E poi: Jean-Philippe Mesplede, l’anticastrista per antonomasia, lo scotennatore di malcapitati cubani; Scotty Bennett, il super poliziotto cacciatore di negri (ha il vezzo di farsi ricamare sul cravattino scozzese che indossa il numero che indica i rapinatori uccisi); Marshall E. Bowen, il poliziotto nero che verrà infiltrato tra i neri.

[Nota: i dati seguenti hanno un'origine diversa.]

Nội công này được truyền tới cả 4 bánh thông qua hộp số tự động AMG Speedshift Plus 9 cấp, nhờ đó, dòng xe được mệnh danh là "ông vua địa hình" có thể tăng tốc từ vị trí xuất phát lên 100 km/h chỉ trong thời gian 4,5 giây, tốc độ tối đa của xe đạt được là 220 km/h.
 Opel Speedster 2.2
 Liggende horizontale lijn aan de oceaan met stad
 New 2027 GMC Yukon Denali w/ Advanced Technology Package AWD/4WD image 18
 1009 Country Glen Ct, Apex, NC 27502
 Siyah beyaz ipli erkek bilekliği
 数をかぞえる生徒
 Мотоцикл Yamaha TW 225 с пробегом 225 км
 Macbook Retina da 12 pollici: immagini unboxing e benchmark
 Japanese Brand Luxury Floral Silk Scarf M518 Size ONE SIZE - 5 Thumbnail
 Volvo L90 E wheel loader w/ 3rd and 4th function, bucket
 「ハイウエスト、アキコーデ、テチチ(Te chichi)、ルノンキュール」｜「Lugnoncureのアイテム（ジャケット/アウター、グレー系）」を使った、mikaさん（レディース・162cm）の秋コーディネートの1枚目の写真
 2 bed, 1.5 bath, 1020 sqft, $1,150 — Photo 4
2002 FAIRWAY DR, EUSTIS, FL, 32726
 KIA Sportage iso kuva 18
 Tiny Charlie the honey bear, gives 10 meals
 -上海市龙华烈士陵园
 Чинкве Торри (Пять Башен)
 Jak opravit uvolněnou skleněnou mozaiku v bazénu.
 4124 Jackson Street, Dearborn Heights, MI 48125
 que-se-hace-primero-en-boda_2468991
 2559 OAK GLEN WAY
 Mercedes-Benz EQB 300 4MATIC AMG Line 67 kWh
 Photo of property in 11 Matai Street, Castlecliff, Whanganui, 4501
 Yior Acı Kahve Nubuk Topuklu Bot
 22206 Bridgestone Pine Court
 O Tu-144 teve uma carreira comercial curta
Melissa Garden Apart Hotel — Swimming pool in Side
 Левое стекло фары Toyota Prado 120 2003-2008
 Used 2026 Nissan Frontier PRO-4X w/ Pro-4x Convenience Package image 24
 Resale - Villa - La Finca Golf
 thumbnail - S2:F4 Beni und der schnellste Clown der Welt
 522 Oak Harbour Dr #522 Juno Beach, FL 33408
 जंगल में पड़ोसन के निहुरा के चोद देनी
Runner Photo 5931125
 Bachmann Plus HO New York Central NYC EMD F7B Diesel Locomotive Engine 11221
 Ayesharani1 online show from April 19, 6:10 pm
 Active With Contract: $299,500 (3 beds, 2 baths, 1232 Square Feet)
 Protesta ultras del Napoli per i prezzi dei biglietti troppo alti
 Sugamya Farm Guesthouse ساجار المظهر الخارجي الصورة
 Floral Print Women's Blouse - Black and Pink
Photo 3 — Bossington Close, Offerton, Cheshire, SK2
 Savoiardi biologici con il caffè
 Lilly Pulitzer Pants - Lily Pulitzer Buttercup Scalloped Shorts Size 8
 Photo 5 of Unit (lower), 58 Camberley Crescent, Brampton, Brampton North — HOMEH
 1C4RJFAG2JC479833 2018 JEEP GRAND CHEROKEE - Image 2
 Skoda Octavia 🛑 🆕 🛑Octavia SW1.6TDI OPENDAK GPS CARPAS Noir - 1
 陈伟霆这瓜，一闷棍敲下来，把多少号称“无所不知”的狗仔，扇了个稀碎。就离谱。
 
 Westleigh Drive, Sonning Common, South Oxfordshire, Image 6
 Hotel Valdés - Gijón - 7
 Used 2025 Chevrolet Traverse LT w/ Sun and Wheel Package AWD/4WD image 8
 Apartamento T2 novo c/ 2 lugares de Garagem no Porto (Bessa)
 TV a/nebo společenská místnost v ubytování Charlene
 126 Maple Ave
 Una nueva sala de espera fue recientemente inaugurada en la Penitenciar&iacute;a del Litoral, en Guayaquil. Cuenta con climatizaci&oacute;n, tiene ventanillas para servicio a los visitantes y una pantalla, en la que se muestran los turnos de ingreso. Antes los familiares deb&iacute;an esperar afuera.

E le donne, che hanno un ruolo nodale in molte delle pagine decisive dell’intero libro. Tutte affascinanti e mature, estremiste di sinistra, sostenitrici della propria causa come e più degli accaniti antagonisti razzisiti e anticomunisti. Tra queste, Joan Rosen Klein, affascinante “Dea Rossa” dalle mèches argentee; una figura dal passato misterioso che si renderà protagonista di una delle fortissime storie d’amore che nascono nel romanzo tra fascisti convinti e sediziose dai curricula anarchici.

Col procedere degli eventi emergerà in modo sempre più chiaro che i vertici delle fazioni opposte hanno in realtà un comune intento, quello di generare un caos gestibile, di far sì che da entrambe le parti non si degeneri. I modi per giungere a questo obiettivo dimostreranno quanto sia randagio il sangue, quanto si muova impetuoso il plasma per tutta la lettura, non solo quello versato ma anche quello che ribolle nelle accesissime passioni.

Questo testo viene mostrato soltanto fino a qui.